Note: We will use a sample Excel file named SampleWork.xlsx you can download it from here. Make sure to keep the file in the same folder as your Python script.
Reading Default Sheet of an Excel File
When you read an Excel file using pd.read_excel() without specifying any sheet name, Pandas automatically loads the first sheet of the workbook. This is the most common method, especially when your file contains only one sheet or the required data is already on the first sheet.
import pandas as pd
df = pd.read_excel("SampleWork.xlsx")
print(df)
Output
Name Age Stream Percentage
0 Ankit 18 Math 95
1 Rahul 19 Science 90
2 Shaurya 20 Commerce 85
3 Aishwarya 18 Math 80
4 Priyanka 19 Science 75
Explanation:
- pd.read_excel("SampleWork.xlsx") reads the default (first) sheet
- df stores the loaded DataFrame
Reading a Specific Sheet Using sheet_name
When an Excel file contains multiple sheets, you can tell Pandas exactly which sheet to load using the sheet_name parameter.

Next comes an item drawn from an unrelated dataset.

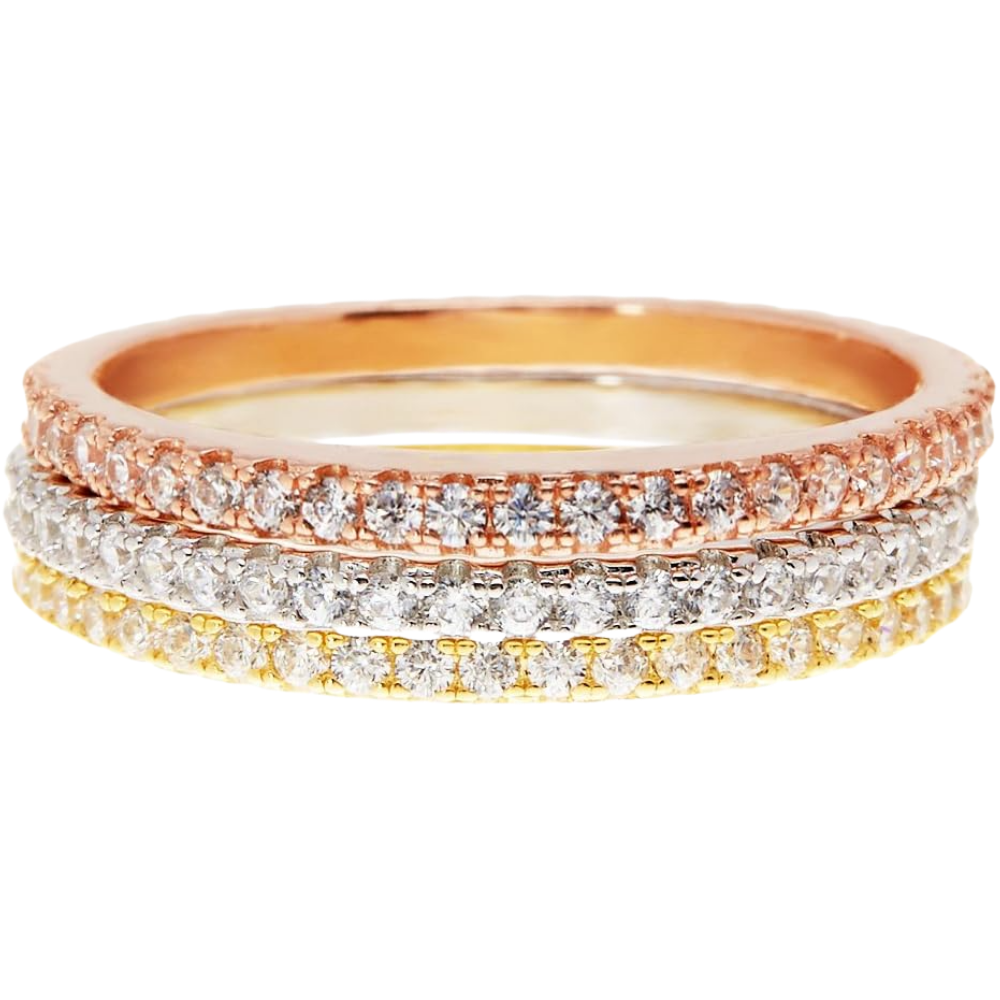 Pave Ring - SociosCo.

You may provide either the sheet’s index (starting from 0) or its name to directly access the data you need.
import pandas as pd
df = pd.read_excel("SampleWork.xlsx", sheet_name=1)
print(df)
Output
Name Age Stream Percentage
0 Priya 18 Math 95
1 shivangi 19 Science 90
2 Jeet 20 Commerce 85
3 Ananya 18 Math 80
4 Swapnil 19 Science 75
Explanation: sheet_name=1 loads the second sheet
Reading Only Specific Columns Using usecols
When we need the entire dataset from an Excel sheet, we can use the usecols parameter allows you to load only the required columns by specifying their names or index positions.
import pandas as pd
df = pd.read_excel("SampleWork.xlsx", usecols=[0, 3])
print(df)
Output
Name Percentage
0 Ankit 95
1 Rahul 90
2 Shaurya 85
3 Aishwarya 80
4 Priyanka 75
Explanation: usecols=[0, 3] loads only selected columns and ignores all other data
Handling Missing Values Using na_values
Excel files sometimes contain placeholder text such as "Missing" or "NA" to indicate empty data. With the na_values parameter, Pandas can automatically convert these placeholders into proper NaN values.
import pandas as pd
df = pd.read_excel("SampleWork.xlsx", sheet_name=2, na_values="Missing")
print(df)
Output
Name Age Stream Percentage
0 Priya 18 Math 95
1 shivangi 19 Science 90
2 Jeet 20 NaN 85
3 Ananya 18 Math 80
4 Swapnil 19 Science 75
Explanation: na_values="Missing" converts the word “Missing” into NaN
Skipping Rows Using skiprows
When Excel files contain extra information at the top like titles, notes, or empty rows that you don’t want in your DataFrame, we can use skiprows parameter which helps you ignore these unwanted rows so Pandas starts reading only from the actual data.
import pandas as pd
df = pd.read_excel("SampleWork.xlsx", sheet_name=1, skiprows=2)
print(df)
Output
shivangi 19 Science 90
0 Jeet 20 Commerce 85
1 Ananya 18 Math 80
2 Swapnil 19 Science 75
Explanation: skiprows=2 ignores first two rows before reading data
Setting a Custom Header Row Using header
Not all Excel files have column names in the first row. With the header parameter, you can tell Pandas which row contains the actual column names, ensuring your DataFrame loads with clean and correct headers.
import pandas as pd
df = pd.read_excel("SampleWork.xlsx", sheet_name=1, header=2)
print(df)
Output
shivangi 19 Science 90
0 Jeet 20 Commerce 85
1 Ananya 18 Math 80
2 Swapnil 19 Science 75
Explanation: header=2 treats the third row as header
Reading Multiple Sheets Together
If you want to load more than one sheet at a time, Pandas allows you to pass a list of sheet names or indexes. This is useful when your data is spread across multiple sheets but still related.
import pandas as pd
df = pd.read_excel("SampleWork.xlsx", sheet_name=[0, 1], na_values="Missing")
print(df)
Output
{0: Name Age Stream Percentage
0 Ankit 18 Math 95
1 Rahul 19 Science 90
2 Shaurya 20 Commerce 85
3 Aishwarya 18 Math 80
4 Priyanka 19 Science 75,1: Name Age Stream Percentage
0 Priya 18 Math 95
1 shivangi 19 Science 90
2 Jeet 20 Commerce 85
3 Ananya 18 Math 80
4 Swapnil 19 Science 75}
Explanation: It returns an OrderedDict where, each key = sheet index and each value = dataFrame.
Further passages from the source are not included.